● What to work on
After finding "RalphDouson" in the material below, output its line and every line after it through the last, exactly, but not the pictures.

● Input data
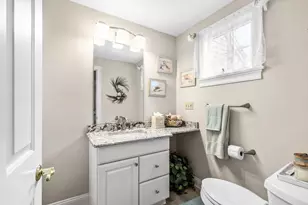20 Bishops Park, Mashpee, MA 02649 - Photo 14
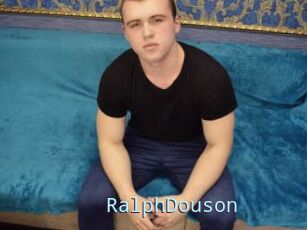 RalphDouson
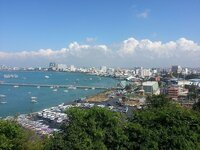 pattaya_berblick.jpg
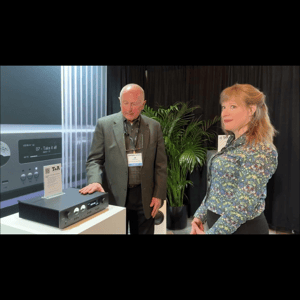 Thumbnail of the video review https://www.youtube.com/watch?v=EdT7iullX8o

● Output for this task
 RalphDouson
 pattaya_berblick.jpg
 Thumbnail of the video review https://www.youtube.com/watch?v=EdT7iullX8o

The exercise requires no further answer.